**Brief:**
This exercise asks for an exact copy of every entry below, with pictures omitted.

○ ○ ○ ○ ○ ○ ○

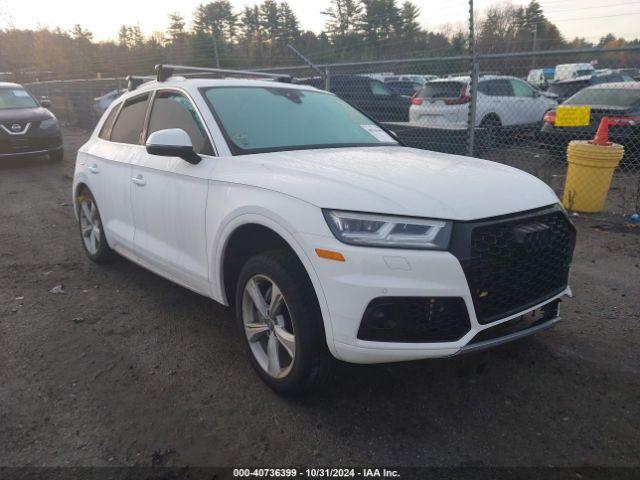  Salvage Audi Q5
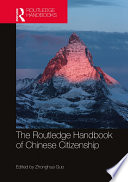 The Routledge Handbook Of Chinese Citizenship
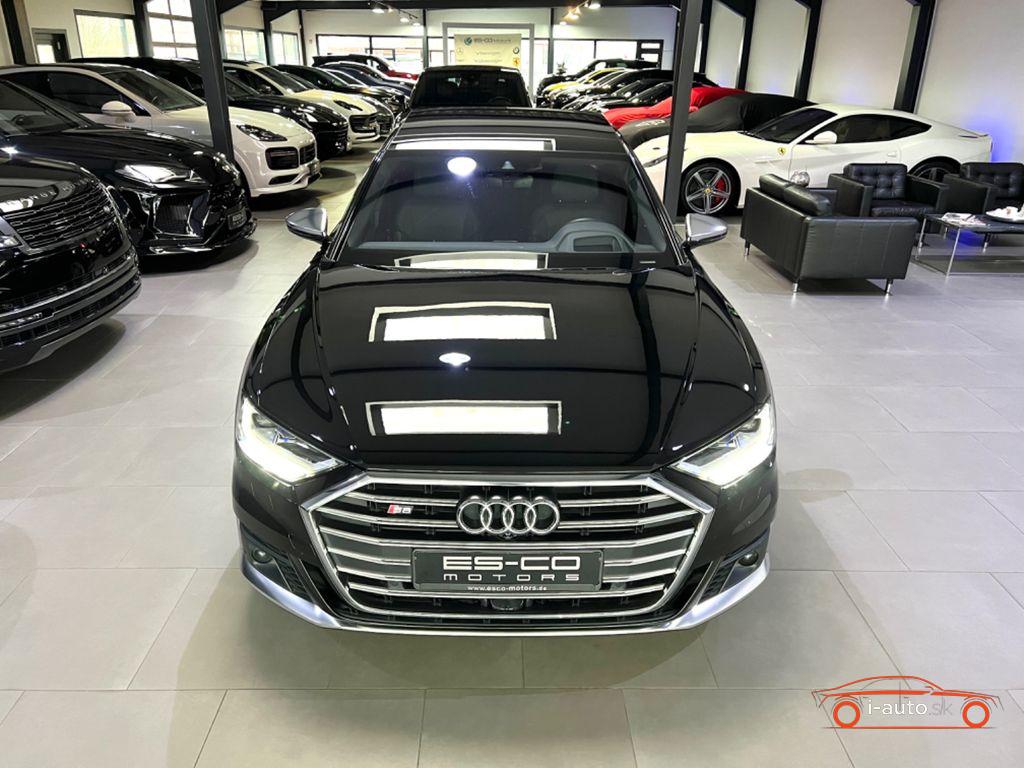 Audi S8 4.0 TFSI  za 69400€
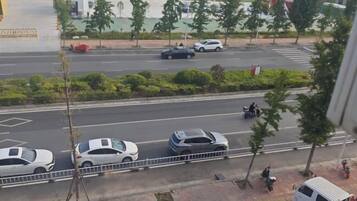 Utsikt från boendet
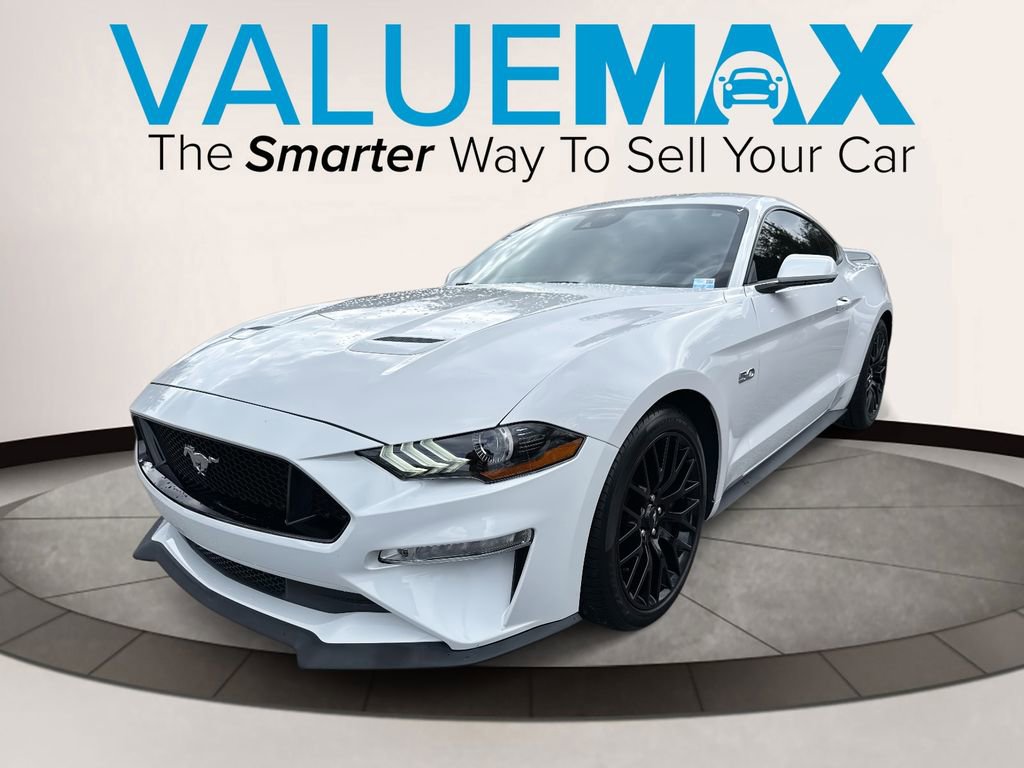 Used 2021 Ford Mustang GT Premium w/ GT Performance Package image 8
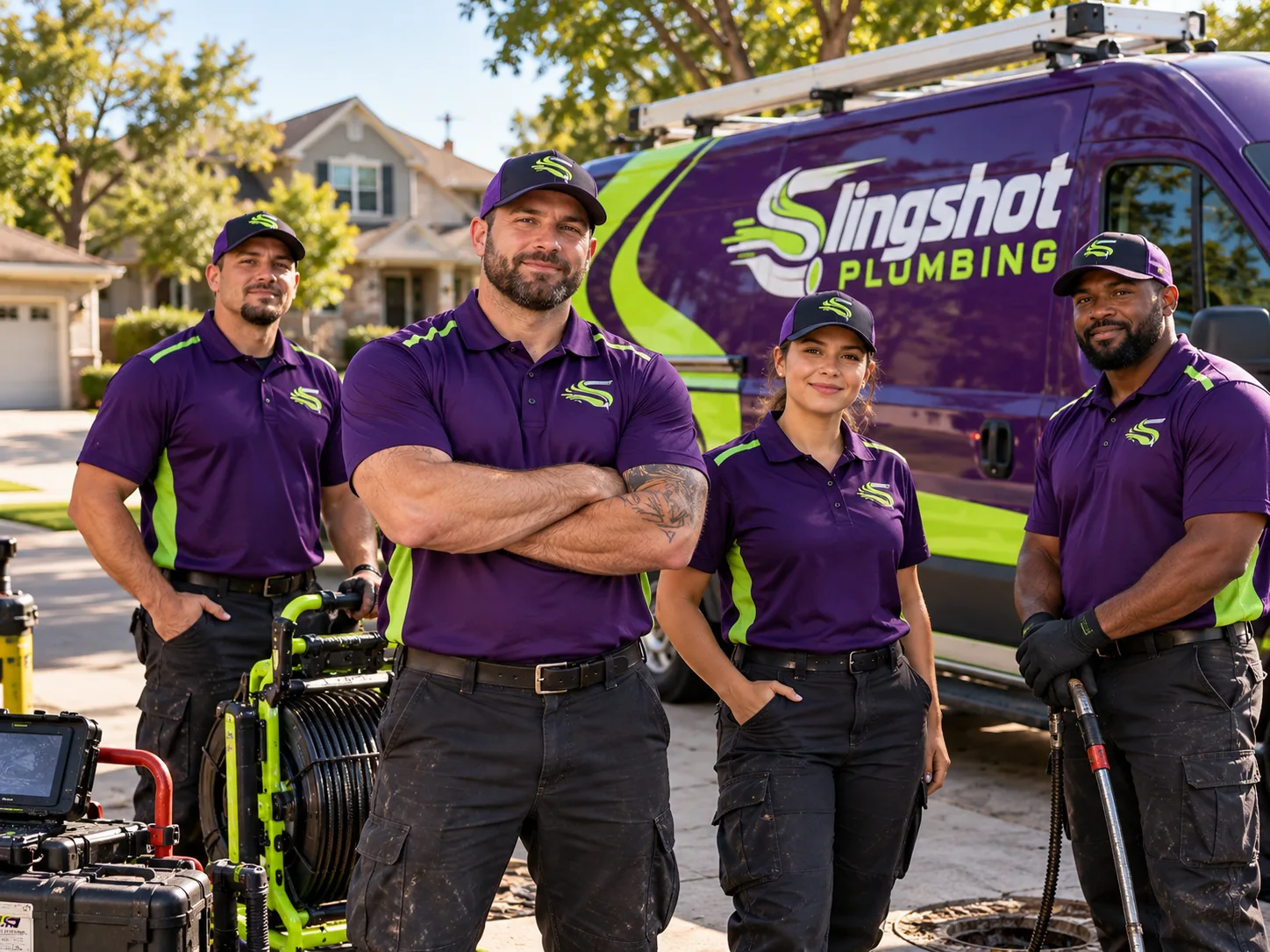 Drain Cleaning in Bradford, IA near me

○ ○ ○ ○ ○ ○ ○

**Problem solution:**
  Salvage Audi Q5
 The Routledge Handbook Of Chinese Citizenship
 Audi S8 4.0 TFSI  za 69400€
 Utsikt från boendet
 Used 2021 Ford Mustang GT Premium w/ GT Performance Package image 8
 Drain Cleaning in Bradford, IA near me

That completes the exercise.